• _Record set_:
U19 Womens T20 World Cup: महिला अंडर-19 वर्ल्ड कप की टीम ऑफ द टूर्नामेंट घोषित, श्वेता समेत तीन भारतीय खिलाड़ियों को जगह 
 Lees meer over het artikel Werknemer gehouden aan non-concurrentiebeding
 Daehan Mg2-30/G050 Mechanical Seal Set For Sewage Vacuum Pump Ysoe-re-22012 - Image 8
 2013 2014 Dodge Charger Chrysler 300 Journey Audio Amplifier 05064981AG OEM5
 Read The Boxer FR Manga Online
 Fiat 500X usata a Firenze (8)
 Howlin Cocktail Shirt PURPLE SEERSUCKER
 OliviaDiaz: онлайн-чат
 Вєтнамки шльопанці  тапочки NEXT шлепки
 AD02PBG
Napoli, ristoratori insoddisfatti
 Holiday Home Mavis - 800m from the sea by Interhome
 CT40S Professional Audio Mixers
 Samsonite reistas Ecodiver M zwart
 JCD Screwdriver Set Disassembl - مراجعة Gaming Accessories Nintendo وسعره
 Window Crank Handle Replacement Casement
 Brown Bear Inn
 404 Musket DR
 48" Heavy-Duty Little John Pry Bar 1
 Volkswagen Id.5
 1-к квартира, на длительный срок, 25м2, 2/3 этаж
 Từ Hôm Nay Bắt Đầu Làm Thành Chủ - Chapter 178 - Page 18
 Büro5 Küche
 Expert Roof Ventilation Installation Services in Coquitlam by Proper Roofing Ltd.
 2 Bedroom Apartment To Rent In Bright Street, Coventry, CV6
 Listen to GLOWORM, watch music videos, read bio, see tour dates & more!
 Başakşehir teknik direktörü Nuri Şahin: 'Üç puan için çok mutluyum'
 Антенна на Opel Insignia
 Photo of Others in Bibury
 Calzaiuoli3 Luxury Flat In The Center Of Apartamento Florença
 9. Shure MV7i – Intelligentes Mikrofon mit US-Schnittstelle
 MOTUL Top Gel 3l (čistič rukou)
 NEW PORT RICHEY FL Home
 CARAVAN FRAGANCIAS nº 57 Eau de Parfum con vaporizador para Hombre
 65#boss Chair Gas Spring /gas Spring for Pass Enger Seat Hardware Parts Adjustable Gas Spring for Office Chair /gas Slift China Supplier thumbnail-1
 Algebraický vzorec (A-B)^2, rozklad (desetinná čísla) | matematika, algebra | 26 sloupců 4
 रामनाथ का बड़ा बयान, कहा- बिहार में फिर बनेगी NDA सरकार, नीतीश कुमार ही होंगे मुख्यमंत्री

• _Task goal_:
Search the data above for the string "Audio". Report every line where it is found.

• _Answer area_:
 2013 2014 Dodge Charger Chrysler 300 Journey Audio Amplifier 05064981AG OEM5
 CT40S Professional Audio Mixers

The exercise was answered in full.